Table 2 p values for post hoc pairwise comparisons for the detection task comparing repeat conditions and switch conditions for each stimulus

To illustrate multisensory gains across the different repeat and switch conditions the difference between the faster of the unisensory conditions and the multisensory congruent and incongruent conditions were calculated, for repeat and switch conditions separately (see Fig. 2d). Contrary to expectations, multisensory gains were greater for incongruent than congruent conditions. Similarly, although CDFs for the multisensory stimuli were shifted to the left of the unisensory CDFs, suggesting faster RTs for multisensory than for unisensory stimuli, this shift was much greater for incongruent than for congruent stimuli (see Fig. 2e). No significant race-model violations were observed for the repeat and switch conditions in the detection task (p > 0.01 for all planned comparisons). This null result was surprising given that many previously published studies have demonstrated a significant effect. Elsewhere, we have followed-up on this discrepancy and determined that it may be related to the fact that participants were left alone in the room. Despite the high accuracy, multisensory RTs effects are affected by the absence of the experimenter (see Supplementary information; Barutchu and Spence 2020).

Discrimination task

Error rates for the discrimination task were also very low and violated the assumption of normality. We ran individual Friedman’s test for each stimulus type comparing the different switch conditions, which showed significant effects for AT, χ2(7) = 15.08, p = 0.04, Ai, χ2(7) = 33.82, p < 0.001, VT, χ2(7) = 17.02, p = 0.02, Vi, χ2(7) = 15.15, p = 0.03, and AiVi-c, χ2(7) = 23.93, p = 0.001. However, after adjusting for multiple pairwise follow-up comparisons, significant differences were only observed for Ai and AiVi-c.

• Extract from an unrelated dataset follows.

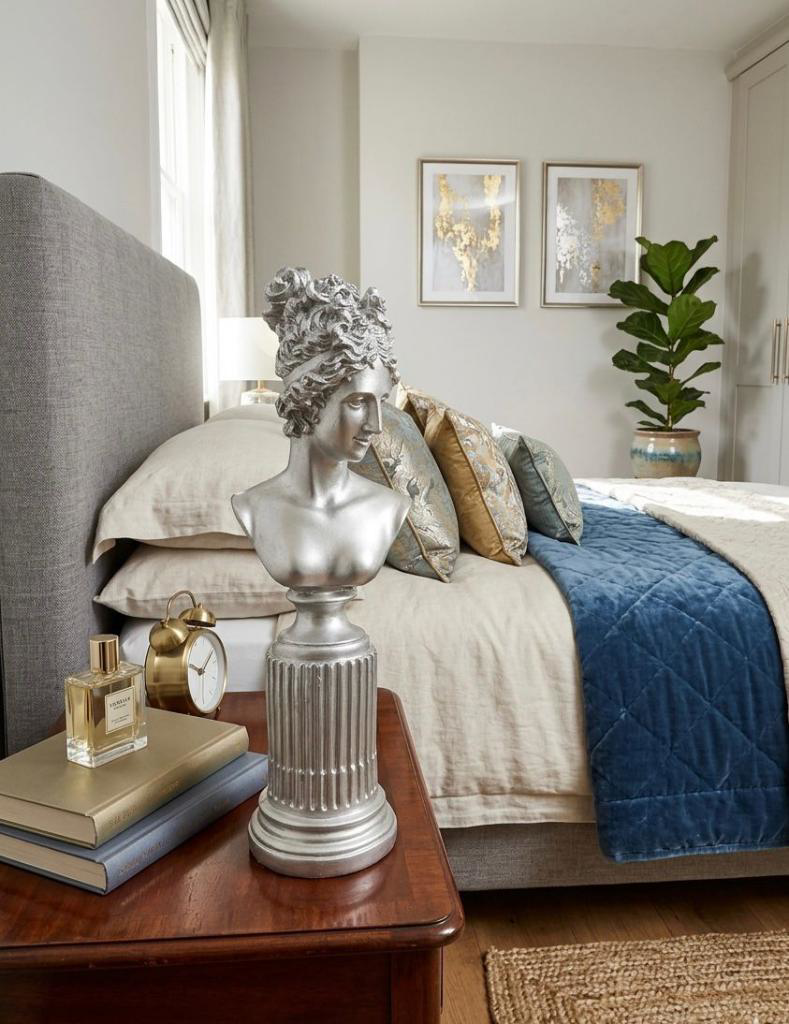 Dekoratif Lafayette Sutunlu Kadın Biblo Heykel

For Ai, errors were significantly higher when Ai switched from AiVT-ic, than when Ai repeated (p < 0.001), and when Ai switched from AiVi-c (p = 0.005), and ATVT-c (p = 0.008). For AiVi-c, error rates were significantly higher when switching from the target stimuli, AT (p = 0.02), VT (p = 0.02), ATVT-c (p = 0.03), AiVT-ic (p = 0.04), and ATVi-ic (p = 0.05) than the repeat AiVi-c stimulus. Error rates did not significantly differ across the switch conditions for ATVT-c, χ2(7) = 12.95, p = 0.07, AiVT-ic, χ2(7) = 4.54, p = 0.72, and ATVi-ic, χ2(7) = 11.64, p = 0.11. We also compared the different stimuli type for repeat conditions and found a borderline effect with no follow-up pairwise significant effects, χ2(7) = 14.04, p = 0.05. Any effect of error was very small with a large overlap in variance across conditions (see Fig. 3a), therefore we did not analyse error rates further.

Fig. 3
figure 3

Discrimination task data. a Mean percentage error rates (+ SD), b mean RTs (+ SEM) for stimuli and switch conditions. In a and b, all repeat conditions are marked with a red triangle. Note that the ‘pre’ refers to the preceding stimulus (e.g., an AT stimulus with a preAT is a repeat condition, while a VT with a preAT is a visual stimulus that switched from audition on the preceding trial). c Costs in RTs following a switch. Negative values represent costs from switching. d Multisensory RT gain measures (+ SEM) for repeat conditions calculated by finding the difference between the faster of the unisensory repeat and switch conditions and the multisensory stimuli (ATVT-c, AiVT-ic, and ATVi-ic) repeat and switch conditions, respectively. Positive values reflect gains in RT speed to multisensory stimulation. e Cumulative density functions for AT (green), VT (blue), ATVT-c (red), AiVT-ic (dashed blue), ATVi-ic (dashed green) and the bound (AT + VT) CDF stimuli (black) for repeat and switch trials in the discrimination tasks. Note that the AT and VT stimuli were used to compute the bound AT + VT CDF

In the discrimination tasks, multisensory RT enhancements were observed only for congruent dual target ATVT-c stimuli (see Fig. 3b). A 5 (stimulus type: AT, VT, ATVT-c, AiVT-ic and ATVi-ic) × 8 (switch: preAT, preVT, preATVT-c, preAiVT-ic, preATVi-ic, preVi, preAi, and preAiVi-c) ANOVA revealed significant main effects of stimulus type, F(4,56) = 60.68, p < 0.001, η2 = 0.81, and switch condition, F(7,98) = 5.17, p < 0.001, η2 = 0.27. The follow-up main effects analysis showed that RTs were significantly faster for both the repeat and switch ATVT-c stimuli than for all other stimulus and repeat conditions. There was also a significant interaction between stimulus type and switch condition, F(28,392) = 15.82, p < 0.001, η2 = 0.53. Follow-up planned contrasts revealed that switch conditions did not affect RTs for ATVT-c stimuli (p > 0.1 for all; see Table 3 and Fig. 3c). However, RTs were significantly slower for those stimuli containing a single auditory target (i.e., AT and ATVi-ic) after switching from stimuli with a single visual target (i.e., VT and AiVT-ic) (p < 0.01 for all; note that for the AiVT-ic repeat vs. AiVT-ic pre AT comparison p = 0.005 which is above criterion after a Bonferroni correction and is likely to be a Type II error). Switching from target stimuli also resulted in greater costs than switching from irrelevant stimuli (see Fig. 3c).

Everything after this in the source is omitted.